See the Example Below, the IL Bartlett Park District BABS:

1. GO Debt Limit:

a. Some local municipalities must adhere to a statutory debt limit that is commonly expressed as a percentage of the total principal amount of GO debt relative to the district’s assessed value. The Bartlett Park District has a 2.875% debt limit, allowing for a maximum of $122,602,780 in outstanding GO debt. Given that the district has a debt to assessed ratio of 0.77%, there does not appear to be any debt issuance capacity constraints in the near term.

2. Property Tax Levy vs Property Tax Collections:

a. The property tax levy is simply the total amount billed to taxpayers and the property tax collections shows what amounts have been collected. Dividing the collections by the levy provides a “collection rate”. The inverse (one minus the collection rate) is the delinquency rate.

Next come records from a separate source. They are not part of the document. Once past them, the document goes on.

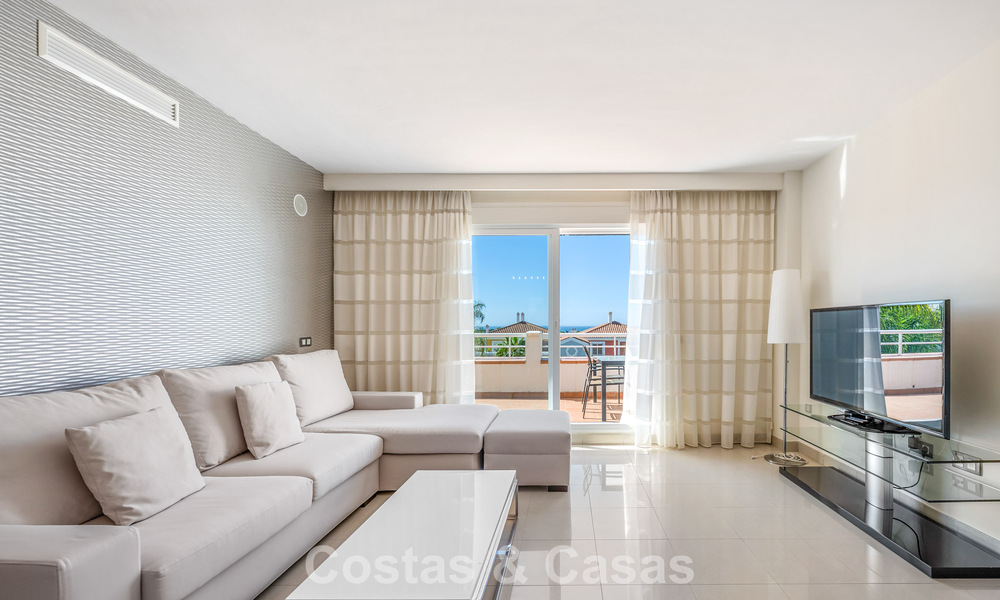 Top-floor appartement te koop op de New Golden Mile tussen Marbella en Estepona centrum 802078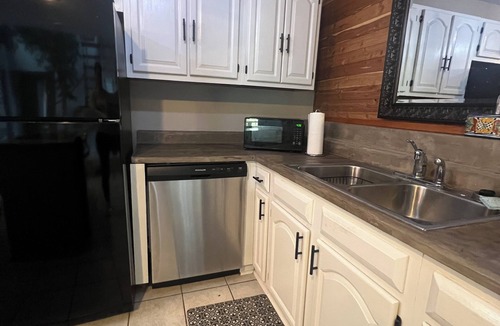 Cedar Creek House | Spacious Rustic Retreat with Animals. Sleeps 10. Close to COTA & Bastrop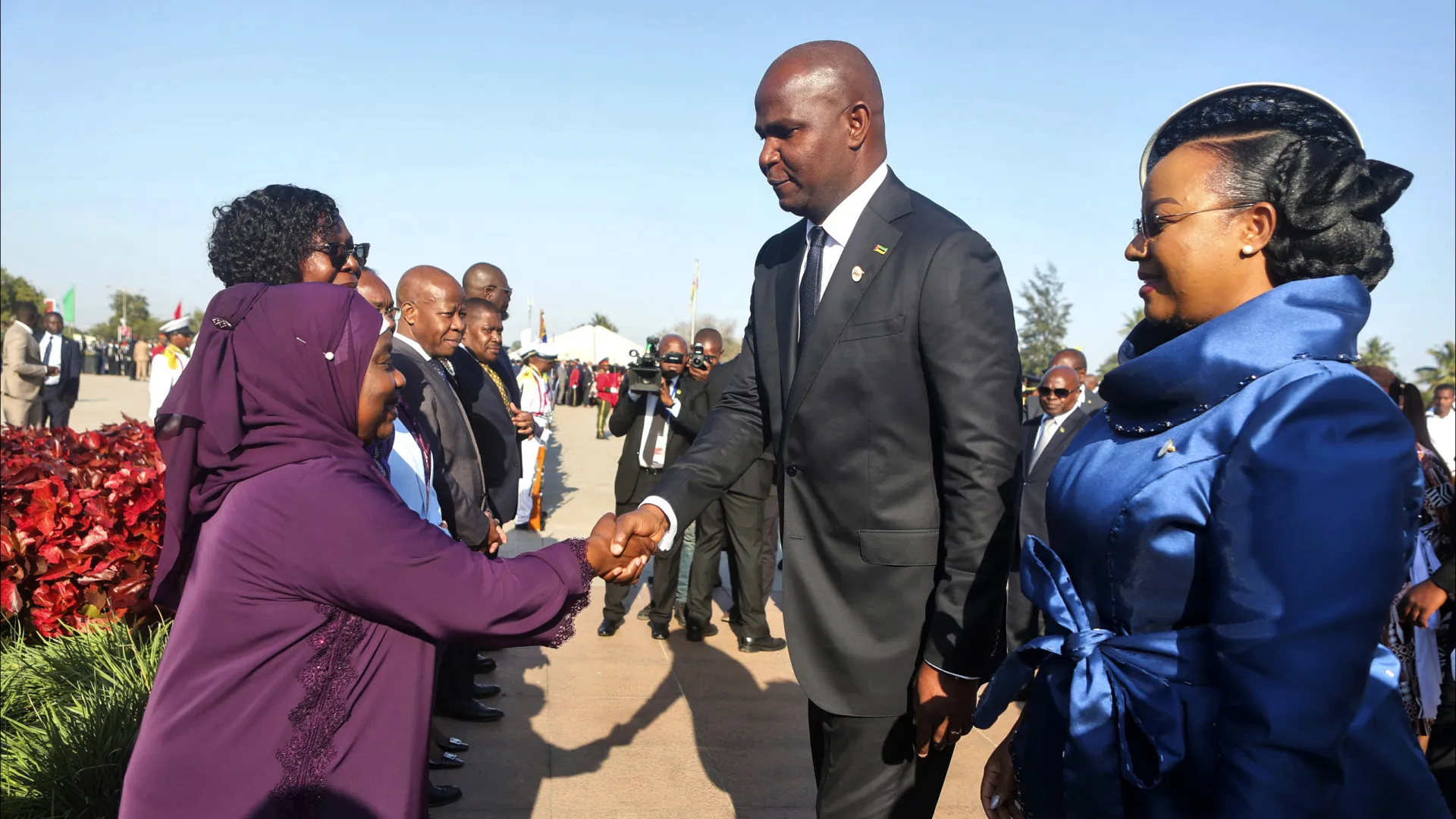 
                    PR moçambicano desafia maior universidade do país a liderar ética da IA
                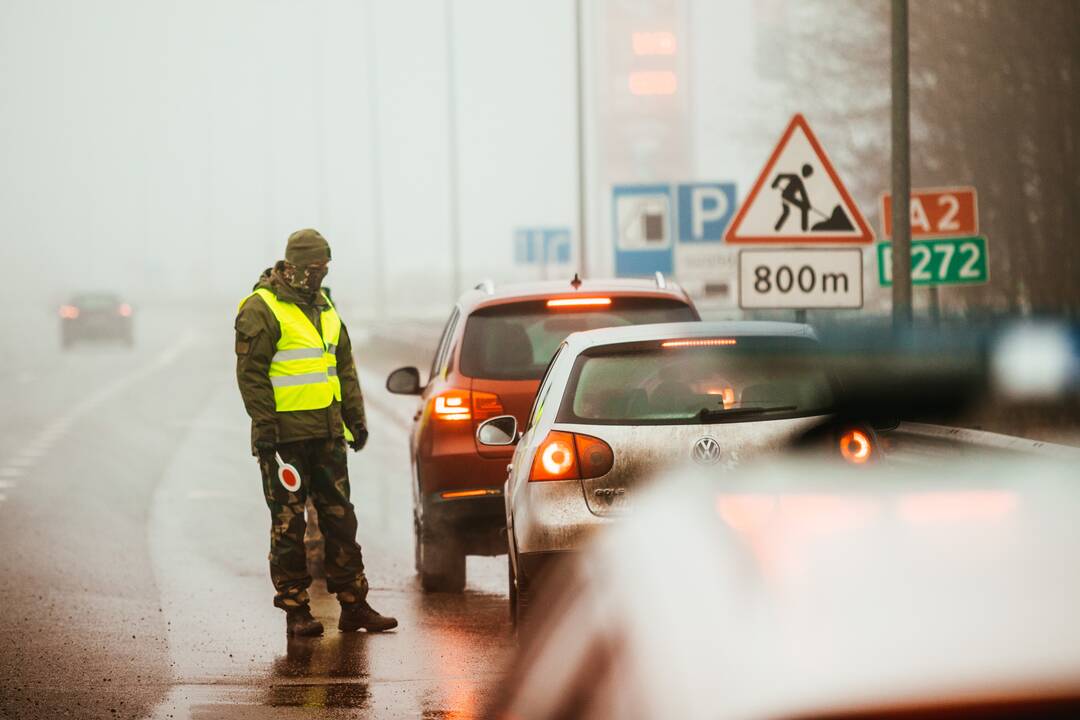 Policija pradėjo masinę judėjimo kontrolę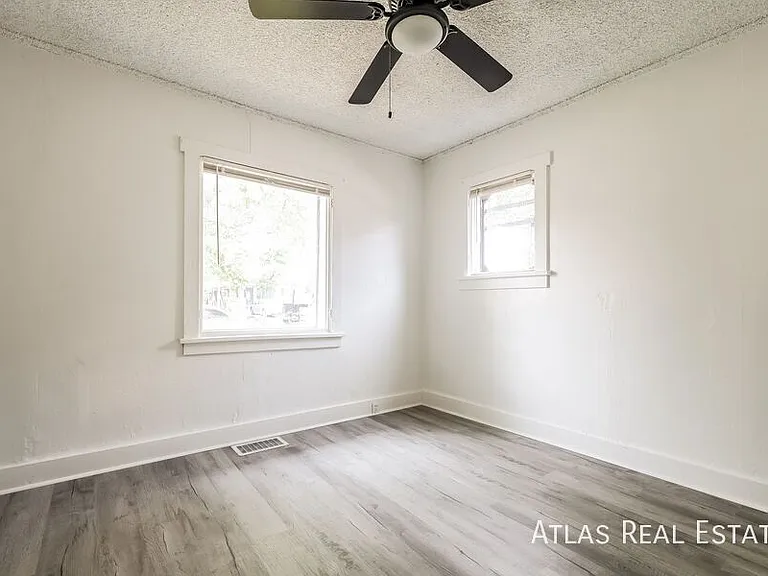628 S Stuart St — Photo 9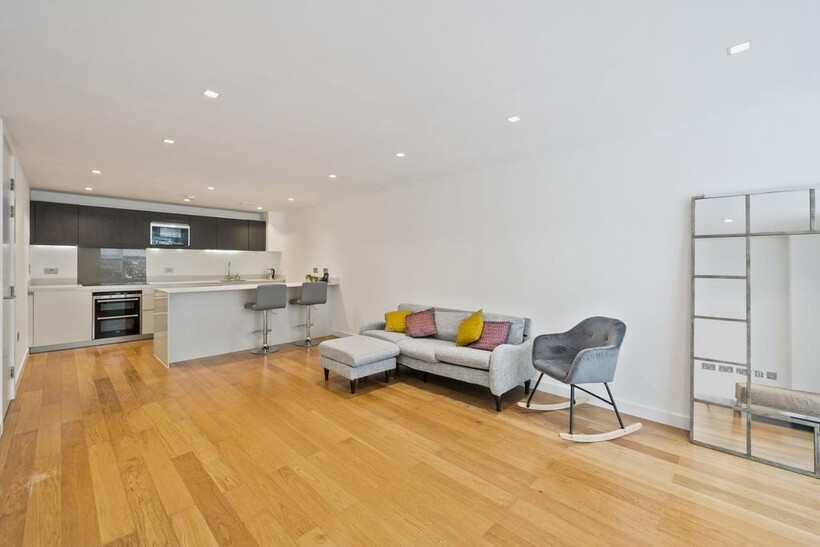 Spenlow Apartments, Wenlock Road... 3 bed apartment to rent - £4,400 pcm (£1,015 pw)
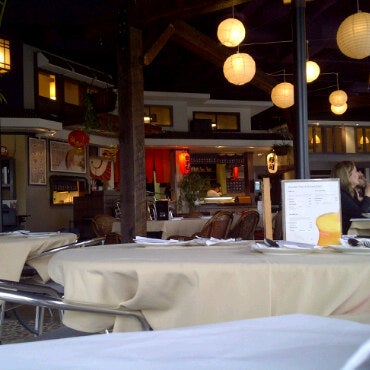 5/12/2011 tarihinde Alex S.ziyaretçi tarafından Axia Restaurant &amp; Bar'de çekilen fotoğraf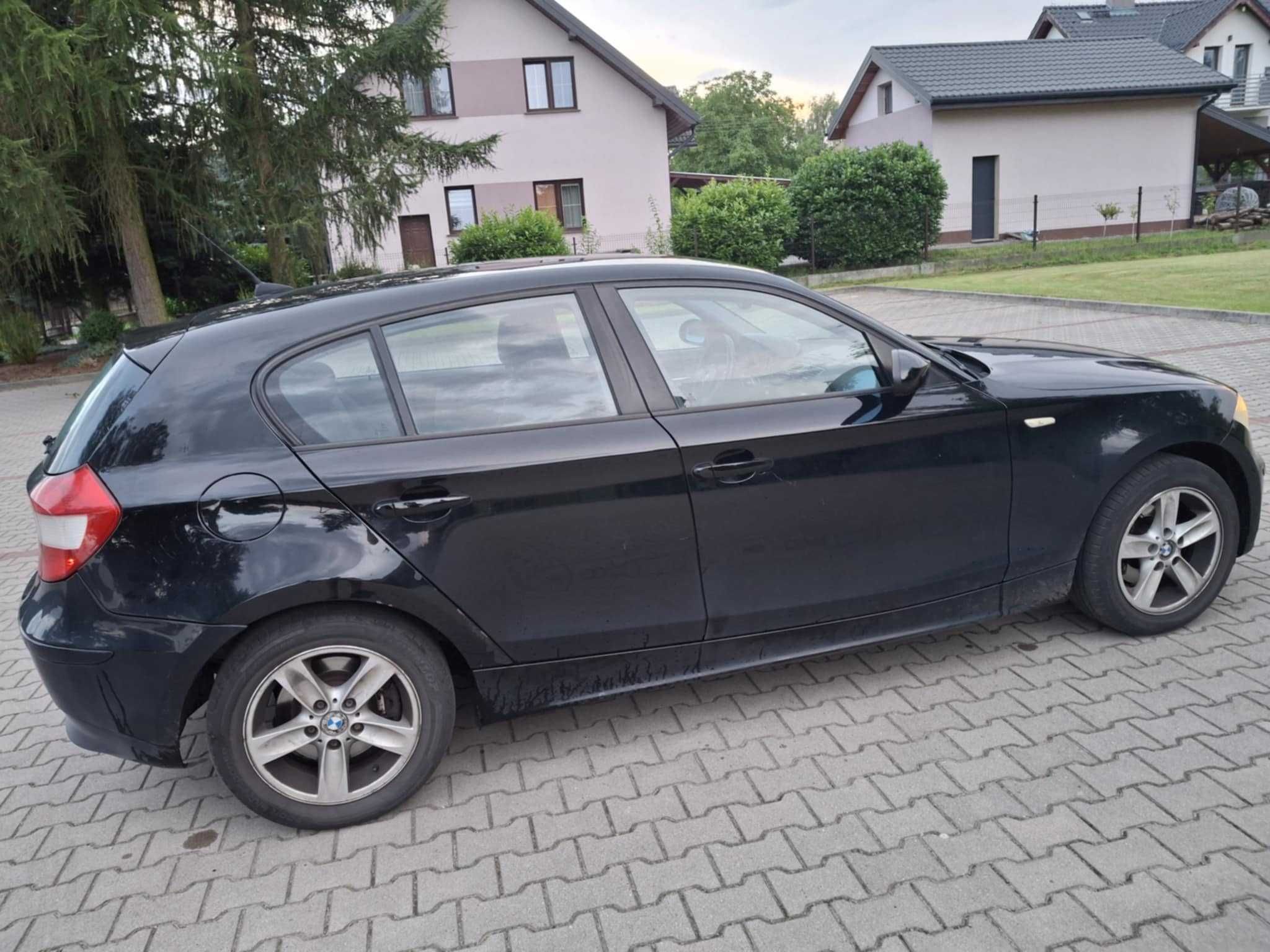 BMW  e87    120d
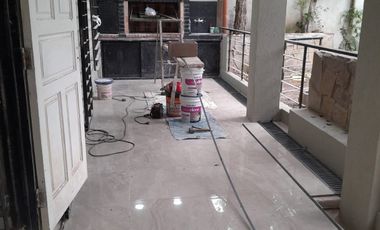 Casa en alquiler c/ cochera en Ramos Mejía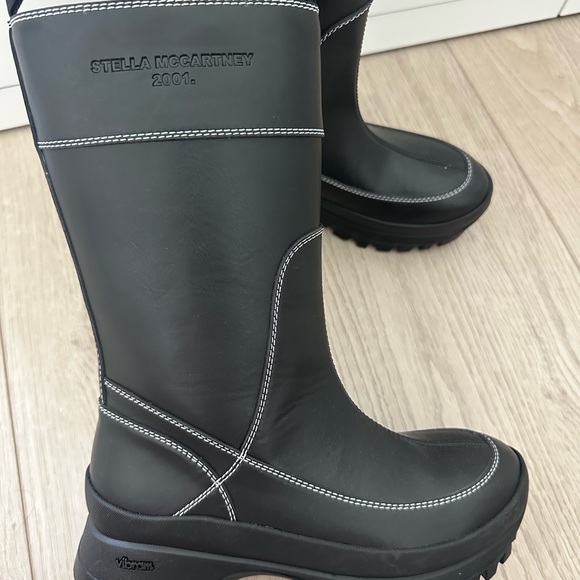 Stella McCartney Black Boots “In The Rain Boots” - Picture 1 of 4
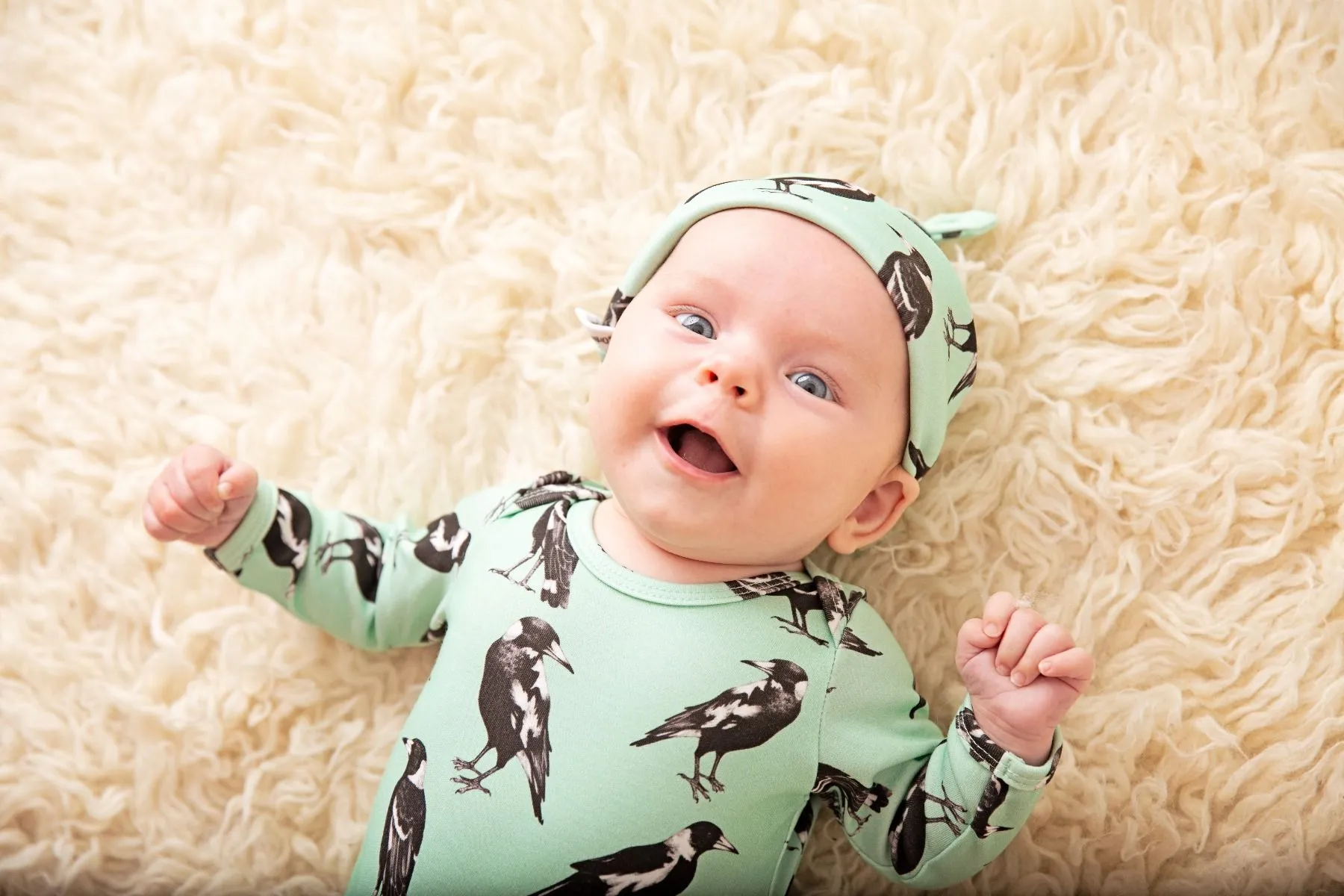 Magpie | Organic Cotton Bodysuit | Long Sleeve |  Size 000 - 1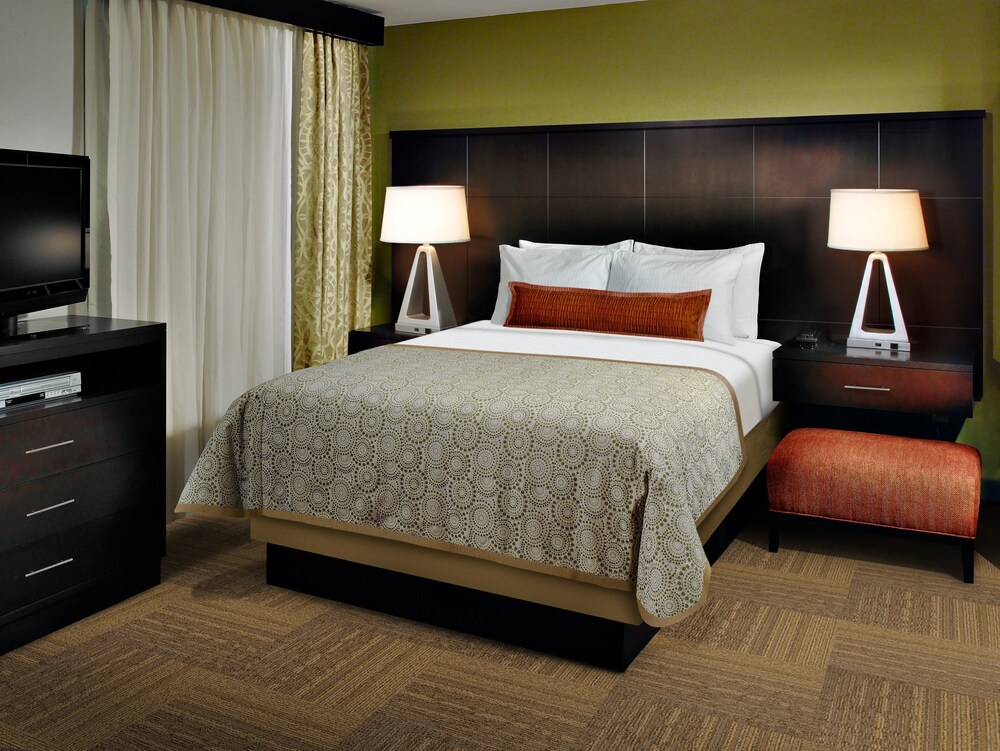 Staybridge Suites Overland Park-Kansas City Area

3. Property Tax Collections vs GO Debt Service:

a. Much like the Debt Coverage Ratio we use for revenue bonds, GO bonds secured by property taxes can provide the same measure by dividing the total property tax collections by the maximum GO debt service payment the district will experience during the life of the outstanding bonds. Here, Bartlett Park District has collected approximately $5.6mm in property taxes with roughly $2mm in debt service which translates into a 3.00x coverage ratio

4. Beginning Net Assets to Ending Net Assets:

a. Depending on how the municipality is structured either within the umbrella of a “parent” municipality or a “stand alone” district that operates autonomously, an analyst can review the change in net assets or change in total fund balances. Here the Bartlett Park District’s net assets improved from 2008 to 2009 for an ending net assets balance of just over $23mm.

b. Reasons for a decline in net assets or a reduction in fund balances can vary. Disposal of equipment might reduce a municipality’s net assets or declining operating revenues. By clicking on the hyperlink containing the bond’s official statement or financial statement, the user can identify the reason for this change.

c. Keep in mind that if you are looking at a special utility or services district, the net assets profile may be negative. One example would be the Woodlands Road Bonds we looked at yesterday in inventory. If a district such as this one operates for the sole purpose of servicing a utility system or long term infrastructure, the balance sheet might be skewed by the carrying amount of debt relative to the assets. Often, a district such as this would only carry the debt of the project while the “parent” municipality, being the City of Woodlands TX here, carries the assets and generates most of the revenues derived from the project. These districts also do not likely have the authority to levy taxes as this is usually done at the city or county level so even those current assets (cash) are not reflected in the balance sheet.

5. Hyperlinks:

a. There are countless other data sets that can be found within the bond’s official statement and financials. If an investor is worried about the withdrawal of state aid for a local municipality, then it would be prudent to identify the percentage of that municipality’s state aid revenues relative to all revenues received in the most recent fiscal year.


  1. Ah, then as long as municipal defaults are contained (are regional, not national in scope), we know that, based on collection rates, which have varied little over the last 30 years, risk exposure in a diversified portfolio of muni bonds is x%. Never heard this before...count me in! As long as The Bernank keeps the press running, all should be well.

  2. Any analysis that fails to take into account the possibility of a 'new normal', or a long term decline in both wages and property values is potentially & seriously flawed.

    Do you believe the long term prospects for the USA economy remain unchanged, that we'll return to an 3-4% annual growth rate?

    I would expect a serious examination of negative real growth is required here. We are now seeing the fruits of a relentless 40+ year de-industrialization the US.